Your Family or Mine? 6 Keys to Planning How to Spend the Holidays with In-Laws
Alisa Grace - November 24, 2015
Topic: Family
Our family is now well into our second year as in-laws. Sure, a lot of things change when your children grow up, get married and move away. But I think one of the hardest changes to navigate from the parental side has been sharing our kids and their spouses with the other in-laws for the holidays. We’re learning first-hand what it means to experience a “new normal.”
Once we married, my husband and I always lived quite a distance from both our families, so we found it rather easy to divvy up the holidays between them: Thanksgiving at one home, Christmas at the other. We also frequently counsel with newlywed couples as they deal with this issue for themselves. So you’d think this topic would be a piece of cake for us. Hmm, not so easy.
With our own kids’ spouses and extended families to share them with, we’ve found it best to put ourselves in our kids’ shoes and try to see it from their perspective. In order to do this, we’ve had go back and revisit our own advice we give to young couples as they establish their new life together. Doing this has really helped us to navigate it better with our own kids.
Here are our 6 keys to planning how to spend the holidays with family:
1. Talk about your hopes and expectations. Find time with your spouse to discuss how each of you feels about holidays and how the time is to be spent. Include major holidays, birthdays, anniversaries, and other occasions that are special to you. What were they like growing up in your family? What did you like or dislike, and what would you change if you could? This is a great chance to listen and find out about each other’s hearts, deep dreams and hopes.
2. Remember that your spouse comes first. The best marriages take each partner’s needs into consideration. By putting your spouse first, you are choosing the role of being a husband or wife over the role of being a child in your parent’s family. God designed marriages to bring couples together (leave and cleave.) Leaving starts by making your spouse (and your young children) your first priority—mom, dad and in-laws are still valued and loved, but not over your spouse.

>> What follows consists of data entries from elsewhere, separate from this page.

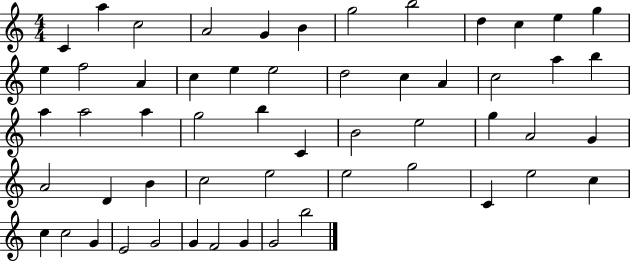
X:1
T:Untitled
M:4/4
L:1/4
K:C
C a c2 A2 G B g2 b2 d c e g e f2 A c e e2 d2 c A c2 a b a a2 a g2 b C B2 e2 g A2 G A2 D B c2 e2 e2 g2 C e2 c c c2 G E2 G2 G F2 G G2 b2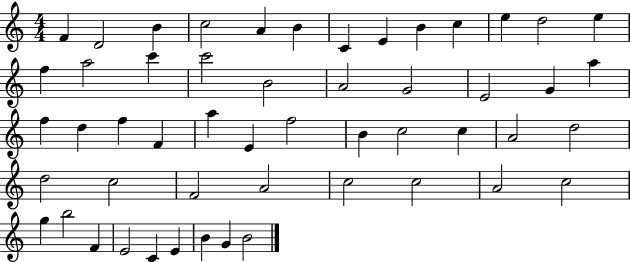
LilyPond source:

{
  \clef treble
  \numericTimeSignature
  \time 4/4
  \key c \major
  f'4 d'2 b'4 | c''2 a'4 b'4 | c'4 e'4 b'4 c''4 | e''4 d''2 e''4 | \break f''4 a''2 c'''4 | c'''2 b'2 | a'2 g'2 | e'2 g'4 a''4 | \break f''4 d''4 f''4 f'4 | a''4 e'4 f''2 | b'4 c''2 c''4 | a'2 d''2 | \break d''2 c''2 | f'2 a'2 | c''2 c''2 | a'2 c''2 | \break g''4 b''2 f'4 | e'2 c'4 e'4 | b'4 g'4 b'2 | \bar "|."
}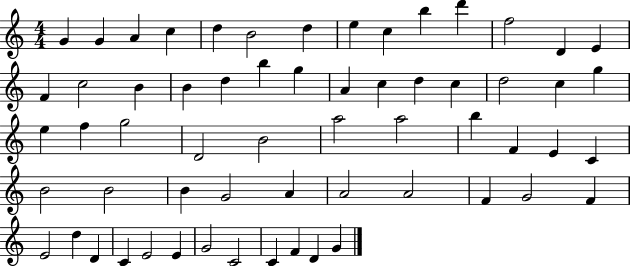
G4/q G4/q A4/q C5/q D5/q B4/h D5/q E5/q C5/q B5/q D6/q F5/h D4/q E4/q F4/q C5/h B4/q B4/q D5/q B5/q G5/q A4/q C5/q D5/q C5/q D5/h C5/q G5/q E5/q F5/q G5/h D4/h B4/h A5/h A5/h B5/q F4/q E4/q C4/q B4/h B4/h B4/q G4/h A4/q A4/h A4/h F4/q G4/h F4/q E4/h D5/q D4/q C4/q E4/h E4/q G4/h C4/h C4/q F4/q D4/q G4/q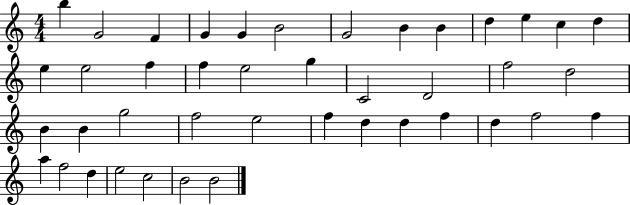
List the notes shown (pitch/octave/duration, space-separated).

B5/q G4/h F4/q G4/q G4/q B4/h G4/h B4/q B4/q D5/q E5/q C5/q D5/q E5/q E5/h F5/q F5/q E5/h G5/q C4/h D4/h F5/h D5/h B4/q B4/q G5/h F5/h E5/h F5/q D5/q D5/q F5/q D5/q F5/h F5/q A5/q F5/h D5/q E5/h C5/h B4/h B4/h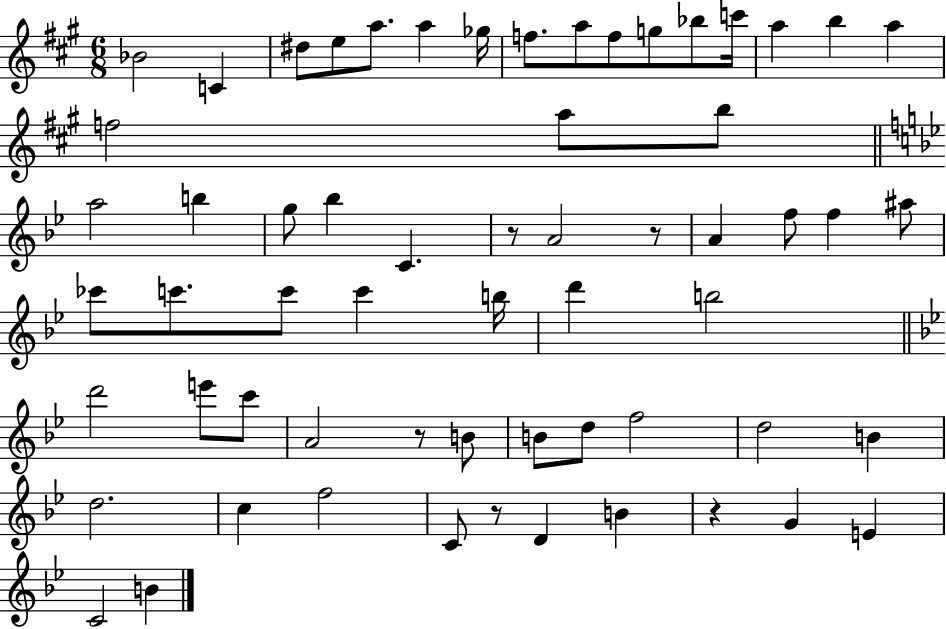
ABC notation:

X:1
T:Untitled
M:6/8
L:1/4
K:A
_B2 C ^d/2 e/2 a/2 a _g/4 f/2 a/2 f/2 g/2 _b/2 c'/4 a b a f2 a/2 b/2 a2 b g/2 _b C z/2 A2 z/2 A f/2 f ^a/2 _c'/2 c'/2 c'/2 c' b/4 d' b2 d'2 e'/2 c'/2 A2 z/2 B/2 B/2 d/2 f2 d2 B d2 c f2 C/2 z/2 D B z G E C2 B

3. Agree as a couple how to establish your own holiday traditions. Work for balance and fairness. For example, you might decide to spend Christmas Eve with your parents and Christmas Day with your spouse's (if both live nearby). Every other year you might choose to spend the whole holiday at home as a couple—or as a family if you have children.
4. Establish ground rules in advance - Talk to your spouse and agree on how long you'll be staying and any topics or family issues that you would rather not discuss during your visit. Don't forget to let your family know in advance when you plan to arrive and leave.
5. The goal is to honor your spouse and your family. Try to be as fair as possible and open to the desires of family members—but not controlled by them. Remember—whatever you do in the early stages of your marriage establishes precedence and future expectations for your extended family.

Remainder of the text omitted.